# Work to complete
Only the pictures are to be left out; write out the rest of the data exactly.

Start of Given data

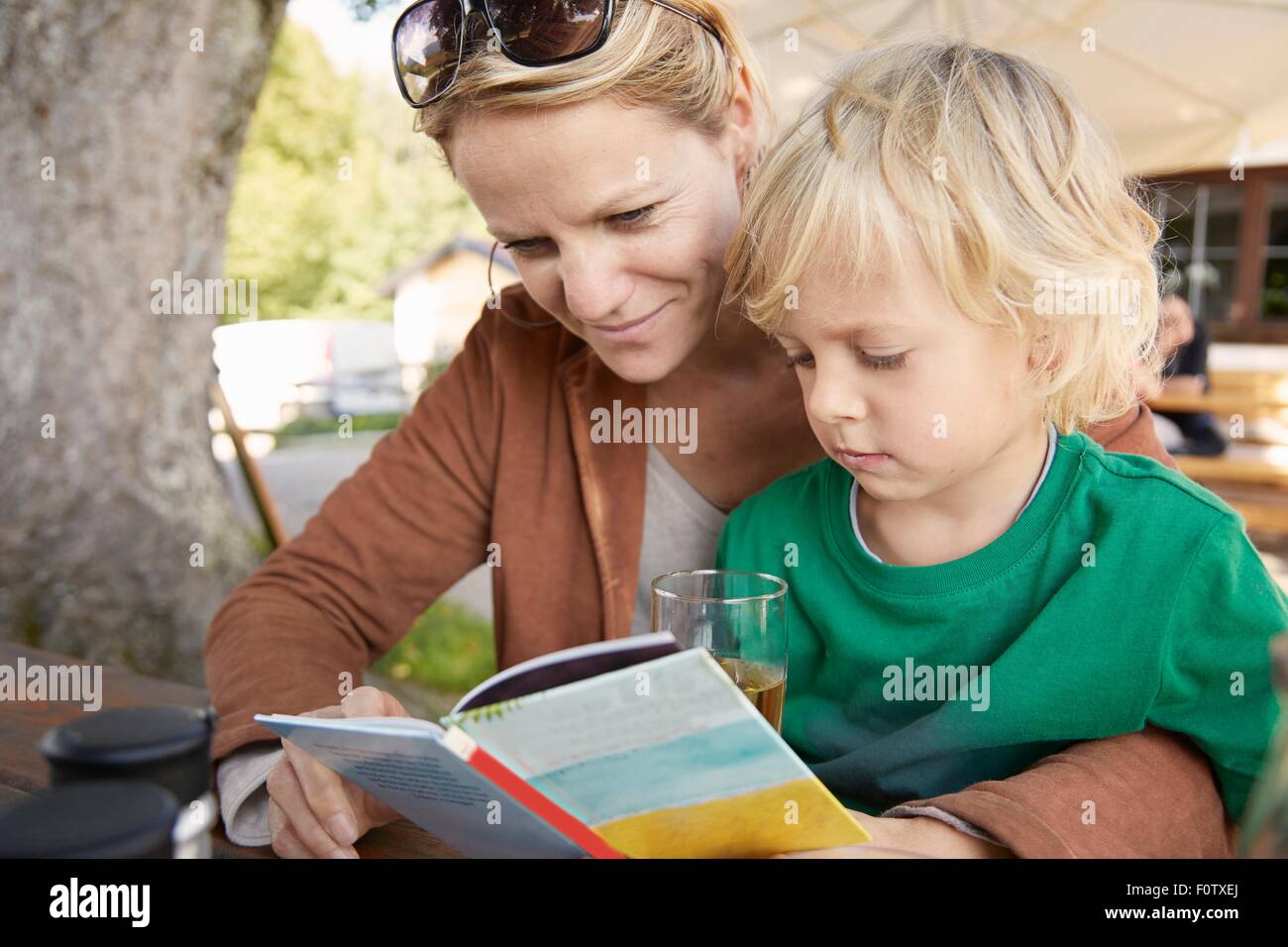 Madre e figlio lettura libro insieme all'aperto Foto Stock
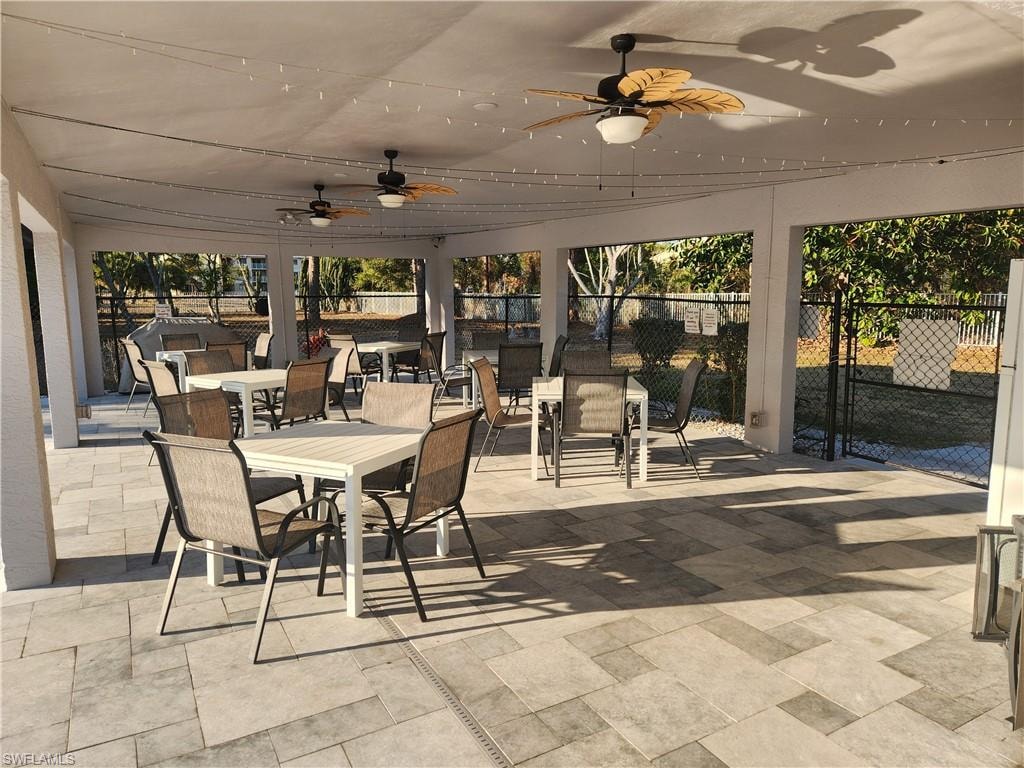 Sunroom with outdoor dining space, a patio area, and a ceiling fan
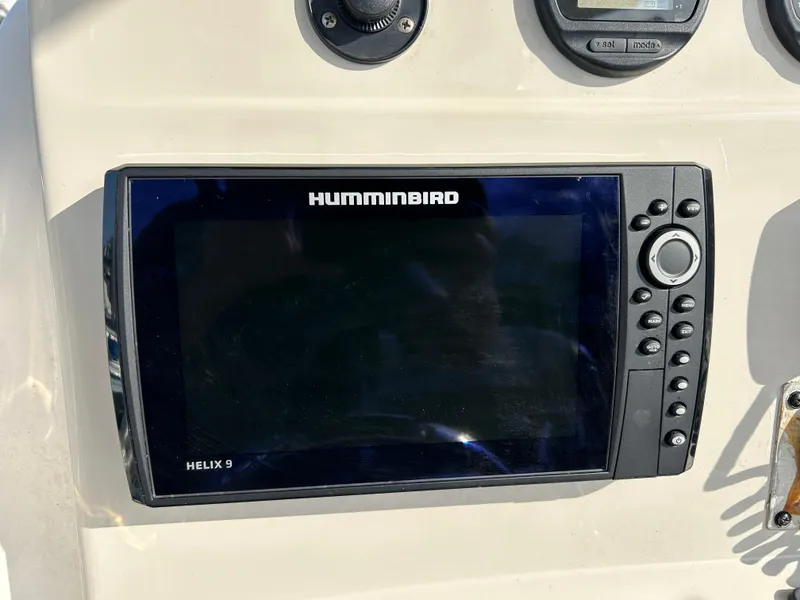 Slide: The Image of Humminbird Helix 9 fishfinder on 2011 Pioneer 222 Sportfish boat dashboard. - 11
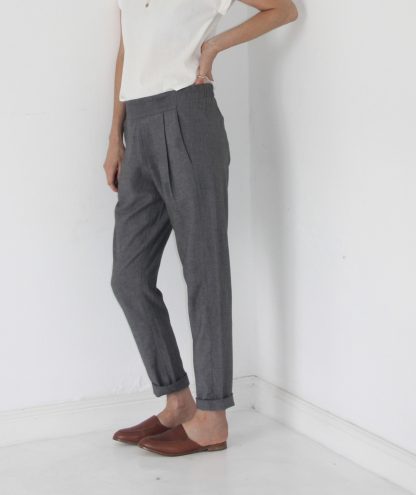 Woman wearing the Calyer Pants sewing pattern by French Navy. A trouser pattern made in medium weight knit fabrics, featuring a pleated front, slightly dropped crotch, semi-elasticated waistband, in-seam pockets and tapered leg.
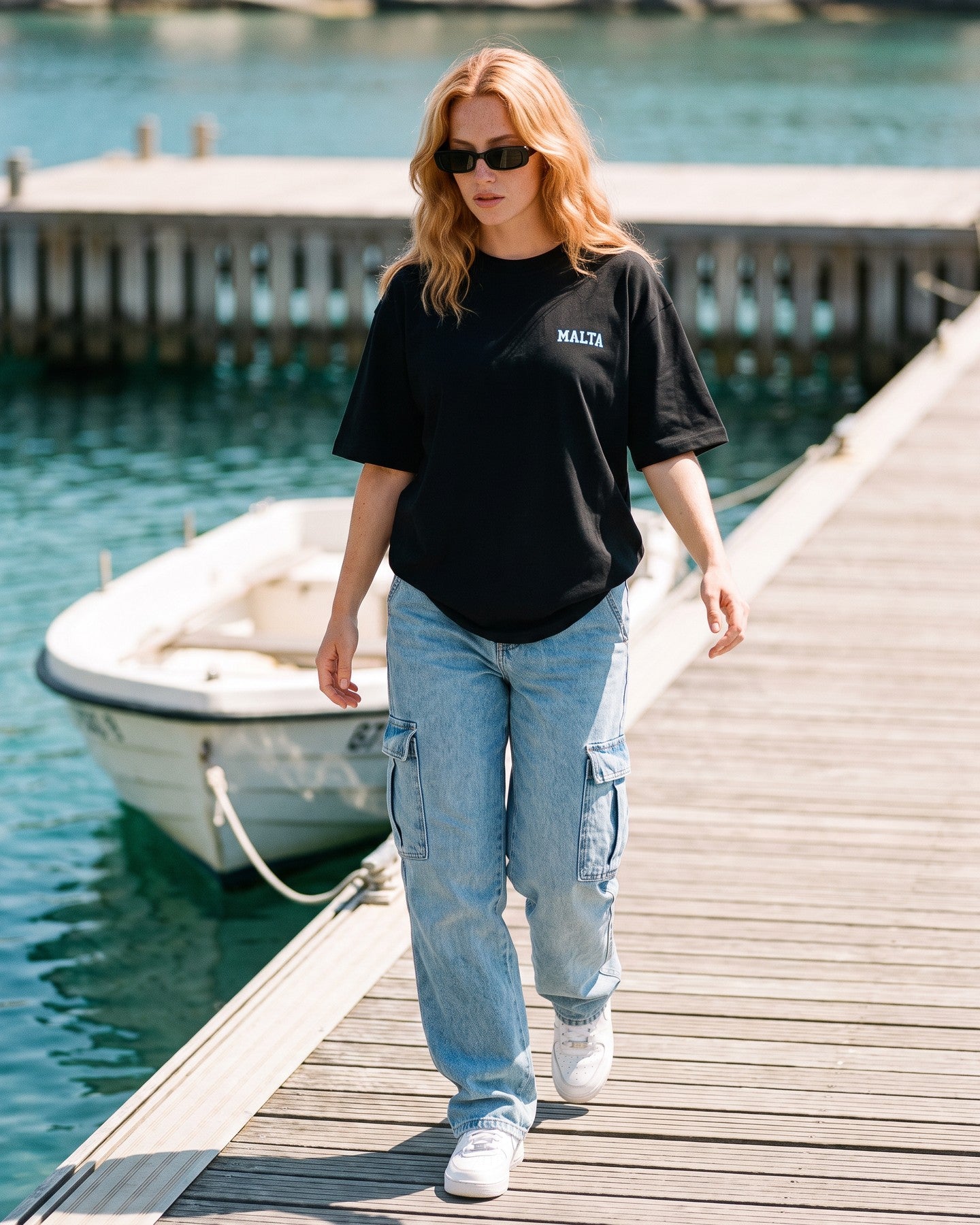 Mulher usando a camiseta oversized MALTA® life goes on preta num píer sobre água turquesa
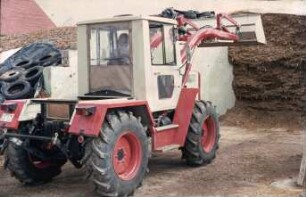 Fotografie: Ein- und Auslagerungstechnik, Flachsilo, Fahrsilo, Maissilage, Frontlader, Silageentnahme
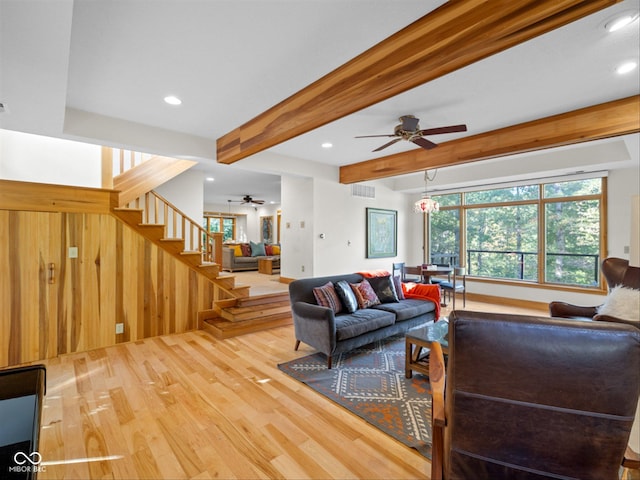 living room featuring beam ceiling, ceiling fan, and hardwood / wood-style flooring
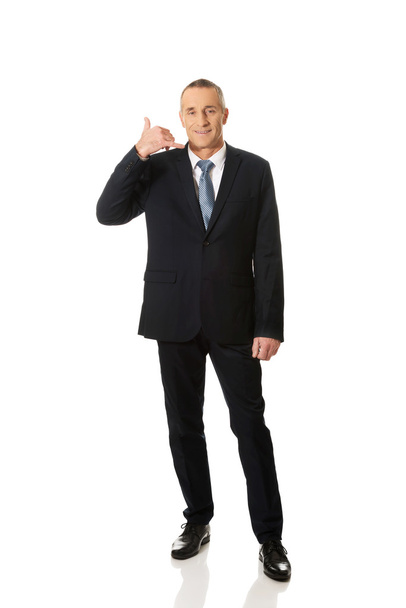 Businessman with call me gesture - Photo, Image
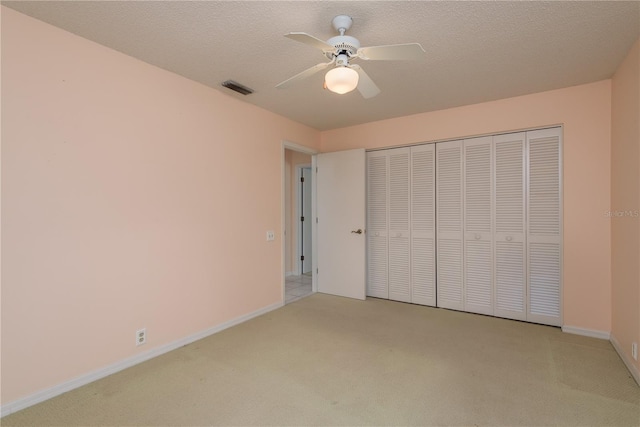 627 Belted Kingfisher Dr N, Palm Harbor, FL 34683 - unfurnished bedroom with light colored carpet, a closet, baseboards, ceiling fan, and a textured ceiling
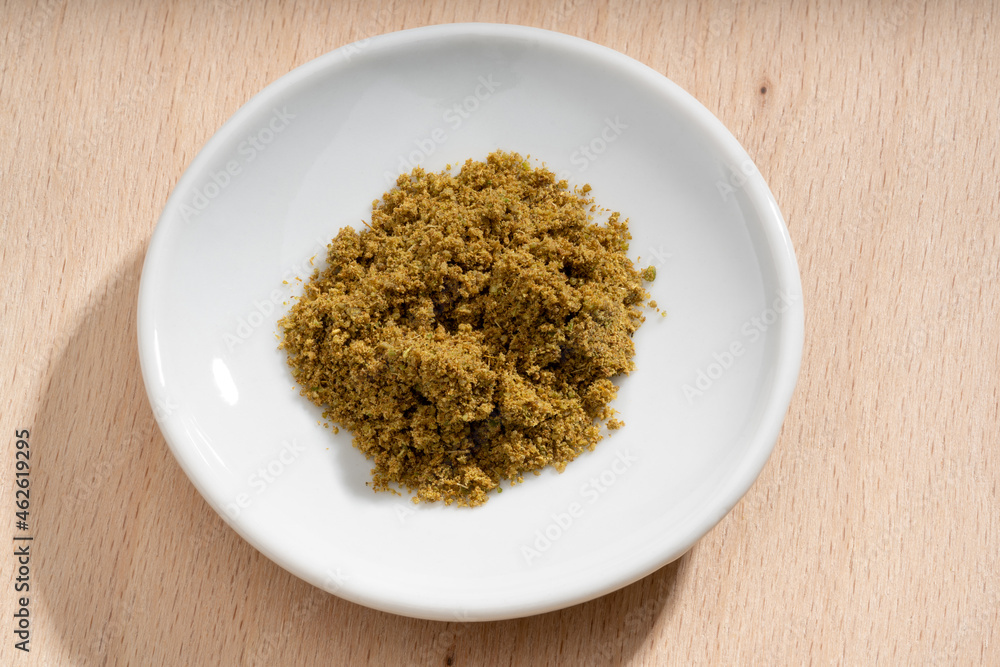 Detailed and large close up shot of cumin on a small plate Detailed and large close up shot of cumin on a small plate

End of Given data

# Solution to this task
 Madre e figlio lettura libro insieme all'aperto Foto Stock
 Sunroom with outdoor dining space, a patio area, and a ceiling fan
 Slide: The Image of Humminbird Helix 9 fishfinder on 2011 Pioneer 222 Sportfish boat dashboard. - 11
 Woman wearing the Calyer Pants sewing pattern by French Navy. A trouser pattern made in medium weight knit fabrics, featuring a pleated front, slightly dropped crotch, semi-elasticated waistband, in-seam pockets and tapered leg.
 Mulher usando a camiseta oversized MALTA® life goes on preta num píer sobre água turquesa
 Fotografie: Ein- und Auslagerungstechnik, Flachsilo, Fahrsilo, Maissilage, Frontlader, Silageentnahme
 living room featuring beam ceiling, ceiling fan, and hardwood / wood-style flooring
 Businessman with call me gesture - Photo, Image
 627 Belted Kingfisher Dr N, Palm Harbor, FL 34683 - unfurnished bedroom with light colored carpet, a closet, baseboards, ceiling fan, and a textured ceiling
 Detailed and large close up shot of cumin on a small plate Detailed and large close up shot of cumin on a small plate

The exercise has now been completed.